もう弾けるような状態ではないシロモノではあったのだが落札した。水没品とも記載されていたのだがどうなんだろう。
2日後、さっそく届いた。
バインディングは剥がれかかり、ネックはぐらぐら。ペグも壊れかかっているけど、弦が4本だけ残っていたのでそれだけ軽く張って弾いてみたが荒い音。音量はそこそこある。
だが弾けたのはそこまで。一度弦を緩めたらネックが取れてしまった。

とりあえずその内お金を貯めてアコースティック楽器専門のリペアやでレストアをお願いしてみようかなと思い調べてみたのだが、もしかしてハーモニーのピックギターだったら2本買えるぐらいのお金がかかるんじゃないかと…
自分で直すにしてはあまりにもハードルが高そうなので一旦保留ということで家の奥隅にしばらくしまっておいた。
そして去年、たまたま近所のバーで店で使っているギターのネックが折れたのであげるという話になって譲り受けたのだが、このネックの折れ…もしかすると直せるんじゃないかと思い、当時最初のコロナ禍の緊急事態宣言の時で、仕事もあまりなく、暇していたのでホームセンターで工具をいくらか買いあさりネック補修をやってみたのだが、すんなりと上手くできた。
そういうこともあり、それからYoutubeでギターだけではなく様々なレストアや修理の動画を見るようになったのだが、そこにたまたまピックギターのレストア動画が出てきた。
もしかして、こういうのをよく見たらあの木曽日弦が自分でレストアできるんじゃないかと。

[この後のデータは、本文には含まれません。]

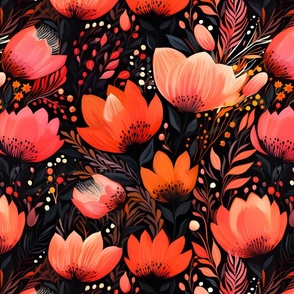 Pink & Orange Flowers on Black - large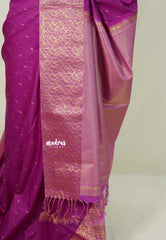 Magenta Purple - Sowbhagya Gift silk – Soft Silk Elegance Saree with Buttas and Leaf Border - Perfect for Festive Celebration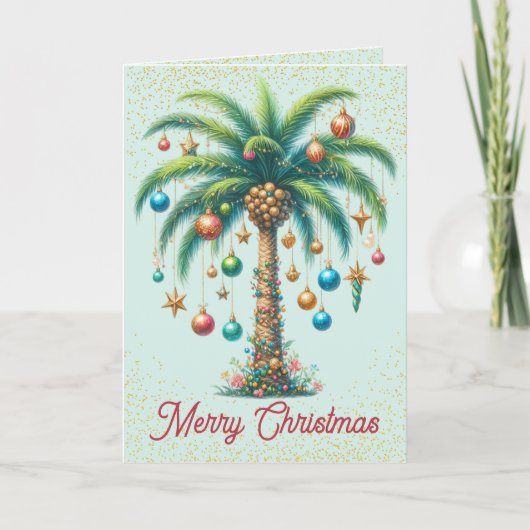 Carte de Noël au palmier tropical (Devant)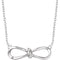 Slim-Profile Bow Necklace in Rhodium-Plated 14k White Gold, 18"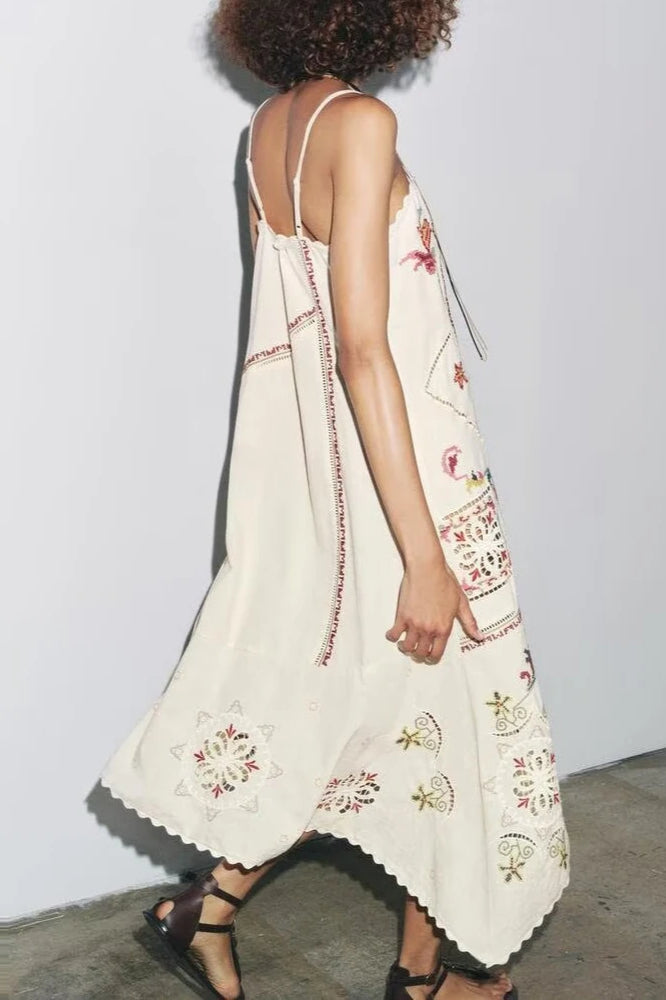 Floral Embroidered Asymmetric Boho Dress image 4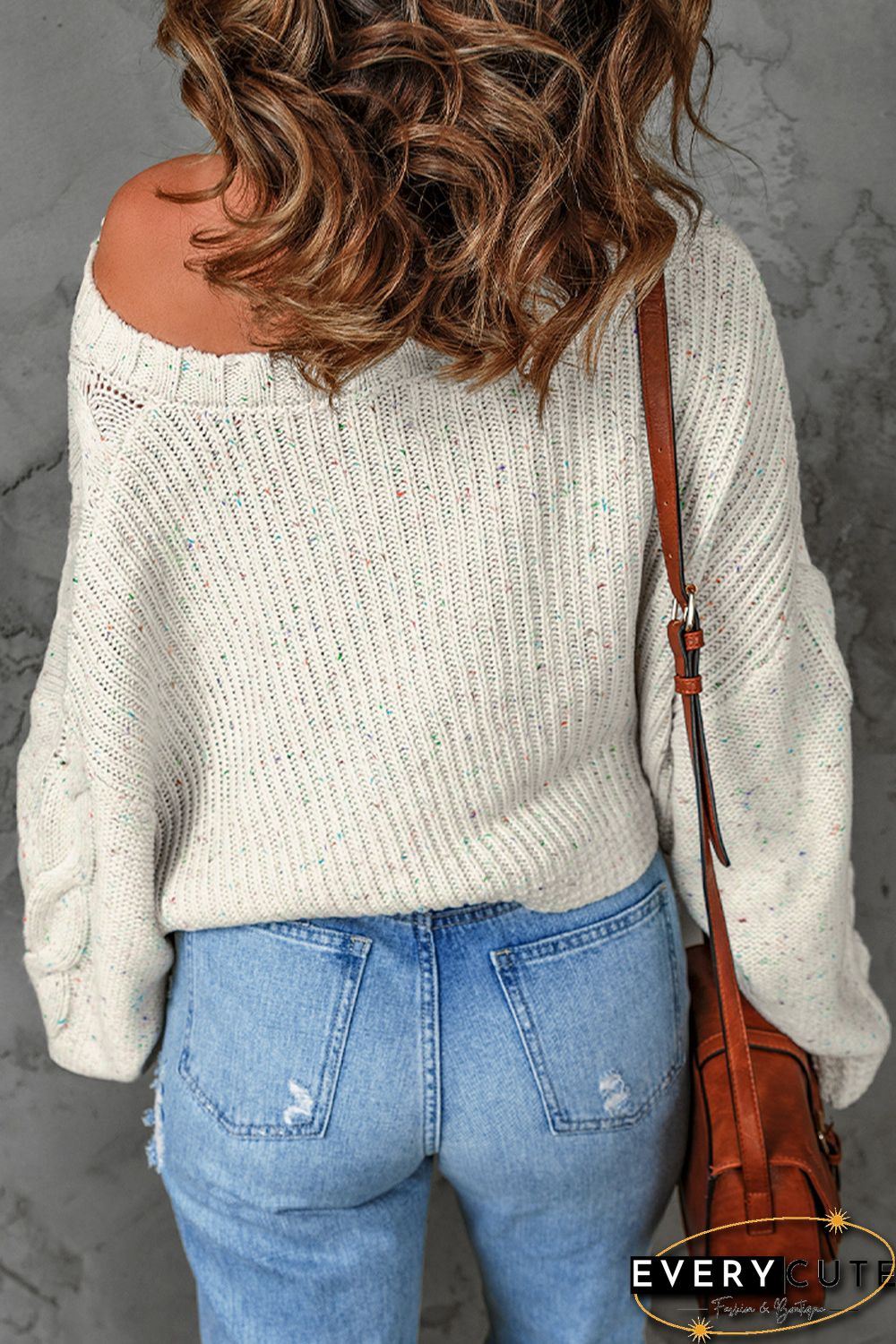 White Multicolor Pilling Detail Pullover Sweater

で、今年に入りこの木曽日弦をバラし始めて今レストア作業を行ってる。今仕事関係などでバタバタしているのでチマチマとやっているだけで全然進んでいないので、進捗状況は今後の投稿にて。


はじめまして
検索していて偶々拝見させていただきました。
木曽日弦、その後作業は進まれているでしょうか?
ネックの取り付けの精度は今の観点で見ると随分アバウトなものかもしれないですね。
だいぶ前に同じく弦を緩めてみたところ、ネックのガタツキに気付き、揺すると外れてしまいました。
ダブテイルジョイントの精度は緩く、接着も不十分でした
ネックの反りもあるので矯正してから仕込み角度を直してみようと思ってます。
このアーチトップは何台かリペアしてみましたが、アバウトな作りなどあっても、何か不思議と魅力的なものを感じます。
No.101でしょうか
シリアルのようなものも僅かに見えますね
この情報化社会の現代でもメーカーそのものの資料も少なく貴重な個体ですね
仕上がりを楽しみにいたしております!
コメントありがとうございます。返事がだいぶ遅くなり失礼いたしました。
今のところ多忙のためギター関連が全然手付かずにおります。
リンク先を見させていただいたのですが、木曽日弦だらけでテンションあがりますね。実は以前検索をたどって見させてもらったのですが、これがレストアするきっかけにもなっています。
何度か仕事で木曽の方に出向いていて、その度に木曽日弦の手がかりがないかなと思っていたんですけど、全然です。自分が出向いていた仕事場のそばに木曽日弦の工場があったということだけはわかりました。